A Minor Leaguer's Odyssey (Baseball)

Great article in today's USA Today about Ryan Zimmerman, the (high) first-round pick of the Nationals, and how he's making the adjustment from being an all-American at UVA to playing in the minors.

You might recall Jim Bouton's line from Ball Four -- "the minor leagues are very minor." He had a point.

The college kids go from a relatively pampered college experience -- flying to games and staying in nice hotels -- to a situation where they have to mesh with 25 guys who are new to them, live in cramped quarters, not make (at least for most of them) a ton of money and have to adjust quickly to a higher level of talent. It's not easy, and the Darwinism that goes on here proves that it's not just talent that wins out, it's also the ability to act maturely and cope.

One of the best points Buzz Bissinger makes in Three Nights in August is about former Cardinal (and Orioles' and Phillies') pitcher Garrett Stephenson. Stephenson frustrated Cards' skipper Tony LaRussa because he really hadn't figured out how to pitch. Instead, he relied way too much on his fastball, usually with bad results. The reason was simple, really. While Stephenson could get away with blowing his fastball by hitters in high school, his fastball just wasn't good enough to accomplish the same results in the majors. And Stephenson, of course, is far from the sole example of this phenomenon. In fact, it's the rare Major Leaguer who doesn't have to make adjustments constantly as he climbs the ladder to the big leagues. What worked in HS doesn't necessarily work in college, and what worked in college doesn't necessarily work in the pros. You not only have to work hard -- you have to get better.

The adjustments start in two major ways.

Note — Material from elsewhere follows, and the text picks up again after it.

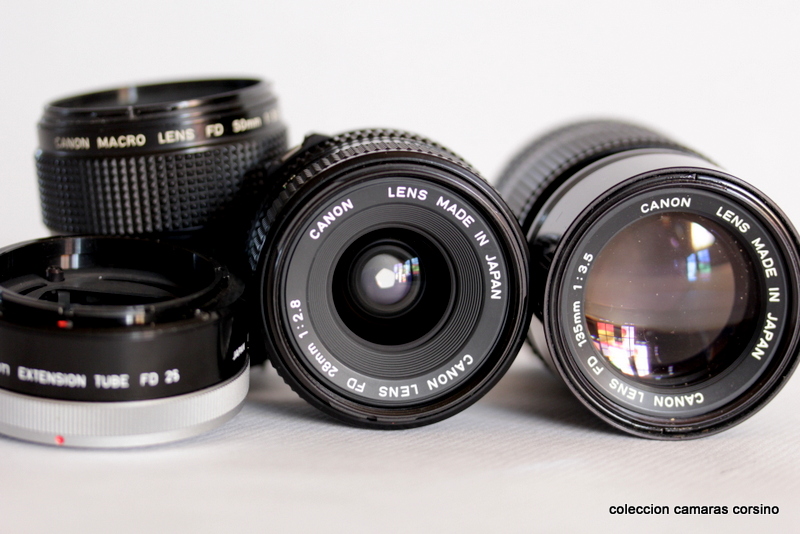 CANON (VARIOS) vista 2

First, living-wise, you're on your own. I recall phone calls from one of my closest friends while he was pitching in Rookie-League ball in the Appalachian League years ago. He called at dusk while sitting on a milk crate at a pay phone from a parking lot at the local supermarket (there had been a day game that day). He lived in a trailer with another player, and he had an old Toyota that barely got him around. And he didn't complain. At all. He loved what he was doing, and he knew he was paying his dues. Some of the kids straight out of HS didn't fare so well. This was their first time away from home, they came from small towns, they didn't know how to deal with failure well, and they ultimately didn't make it.

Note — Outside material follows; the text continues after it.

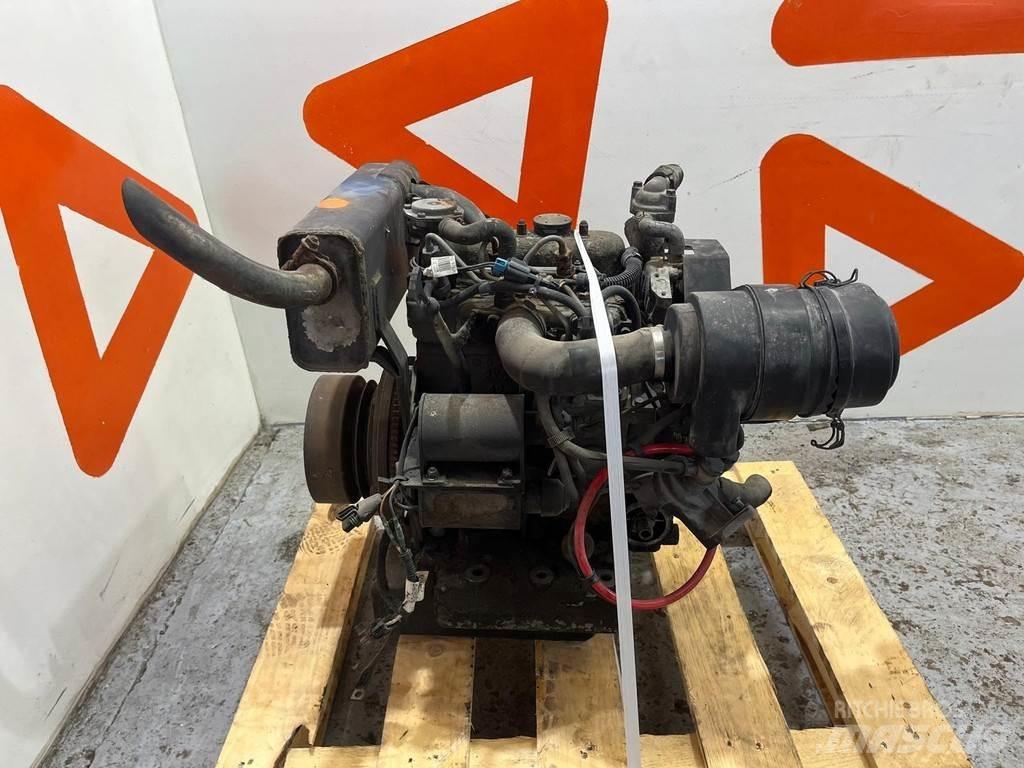 Kubota D722 ENGINE Motores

The guys who adapt are the ones who make it. It doesn't matter whether they're staying at a 4 Seasons or Super 8 or in between (which, yes, might be a Motel 6). All that matters is that they have a shot at their dream, they're playing a kids' game, and they are getting a chance to do what they've always done.

The second adjustment is to the game itself. Put simply, everyone is better. Even if you just played at national champion Texas, you'll find that not everyone on your team is professional material and, also, that the guys you're playing against are very good and very hungry (sometimes literally, depending on where they're from and whether they got a good signing bonus). The starting pitchers might be a little wild, but they can bring it. The hitters can get around on fastballs. The fielders have more range.

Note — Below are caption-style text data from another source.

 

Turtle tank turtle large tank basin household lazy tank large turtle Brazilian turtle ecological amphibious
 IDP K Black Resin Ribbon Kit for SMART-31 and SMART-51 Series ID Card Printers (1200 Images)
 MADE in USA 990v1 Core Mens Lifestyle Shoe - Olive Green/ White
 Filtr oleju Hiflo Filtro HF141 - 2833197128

For some players, the adjustment takes a little while (not to mention the adjustment to wooden bats). Some never adjust at all. They can't get used to be awaying from their support network, they don't get used to the better pitching (or hitters if they're pitchers), and they can't get used to the accommodations. There are lots of HS and college heroes in every state, but many of those kids aren't multi-dimensional enough or adaptive enough to make it. What works well at home simply doesn't turn into an outstanding road act.

Those who make it are testimony to making the most out of the everyday and not to worrying about what the press writes or what the front office says. Front offices make mistakes, and opposing teams are all eager to pounce upon them. If young players let themselves get defined early, they'll fall victims to the gravity pull of criticism and fail. If young players let the commentary serve as a challenge to show the world that they can do that the critics say they can't, they'll have a shot.

And those players are, in fact, special kids. Because some people don't get it -- the ability to stay calm in the cockpit and be honest in their assessments of themselves (and eager to receive coaching and constructive criticism) -- until they're in their thirties and forties. Baseball players, of course, have to get it in their twenties (with the possible exception of lefty pitchers, who might be able to mature when they're in their early 30's) and get it fast.

Because there's always some player coming up to take their jobs away. Every day, every year.

There's the old saying that "it's the journey," and my bet is that those who focus on the journey and making the most of it fare better than those who lock and load on the destination and fail by doing so, because with each at bat they put pressure on themselves to make the majors. By contrast, those who focus on the journey simply want to have a 2-4 night with an RBI and an extra-base hit in Altoona. And you don't get to play in The Show without having those nights in the Altoonas, Readings and Trentons of the world.

Read the article, read Steve Fireovid's "The 26th Man" and other books about journeys through the minors, because that's where the stars are made and where the stars themselves earn their reputations.

And check out a minor-league game every now and then. It's a good time.

1 Comments:

Blogger Robert Lindsay said...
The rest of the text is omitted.